如下操作，并没有修改原来的列表，而是新建了列表

scala> list3 :+ 8
res19: scala.collection.mutable.ListBuffer[Int] = ListBuffer(1, 2, 3, 4, 5, 8)

scala> list3
res20: scala.collection.mutable.ListBuffer[Int] = ListBuffer(1, 2, 3, 4, 5)

列表转换

scala> list3.map(e=>e*10)
res25: scala.collection.mutable.ListBuffer[Int] = ListBuffer(10, 20, 30, 40, 50)

scala> list3.map(println("hello");_*10)//map中应该是函数，应该用{}。
<console>:1: error: ')' expected but ';' found.
list3.map(println("hello");_*10)
                          ^
<console>:1: error: ';' expected but ')' found.
list3.map(println("hello");_*10)
                               ^
//map中是函数，下面第一种方法：将整体看成一块个表达式，println（“hello'”）打印，而_*10作为函数传给map。第二种方法，讲println和e*10都看成函数传给map，吧list每一个元素做一个map，所以打印多次
scala> list3.map{println("hello");_*10}
hello
res26: scala.collection.mutable.ListBuffer[Int] = ListBuffer(10, 20, 30, 40, 50)

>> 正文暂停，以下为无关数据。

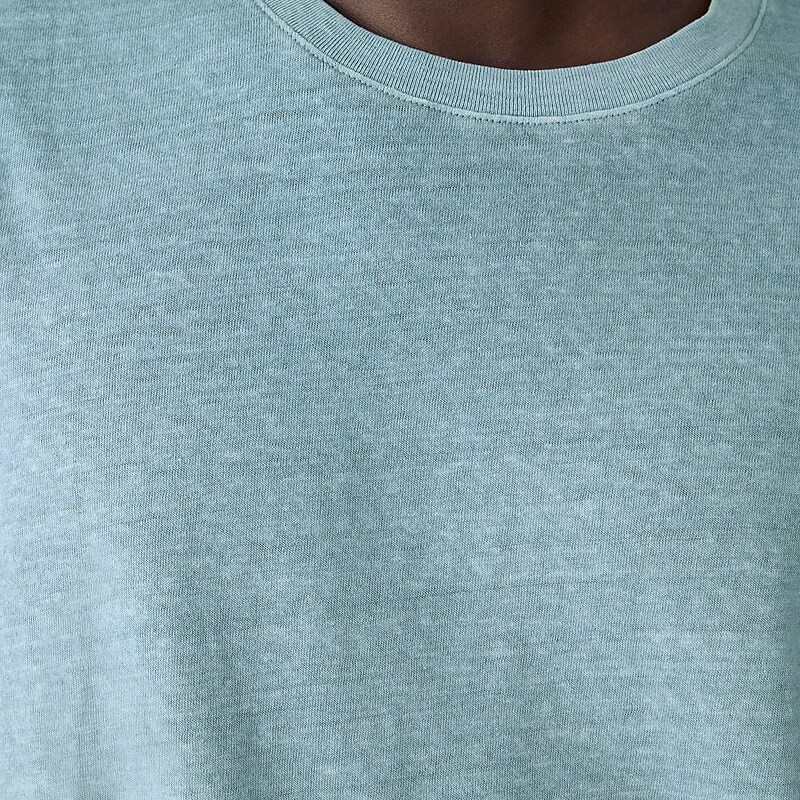 Overcast Blue J.Crew Hemp-organic cotton blend T-shirt | J.Crew Factory | ELTQX9384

scala> list3.map{e=>println("Hello");e*10}
Hello
Hello
Hello
Hello
Hello
res28: scala.collection.mutable.ListBuffer[Int] = ListBuffer(10, 20, 30, 40, 50)

Map

创建Map：Map是一个容器，里面放着键值对

###创建map不可变的map
scala> val score = Map("zhangsan"->90,"lisi"->30)
score: scala.collection.immutable.Map[String,Int] = Map(zhangsan -> 90, lisi -> 30)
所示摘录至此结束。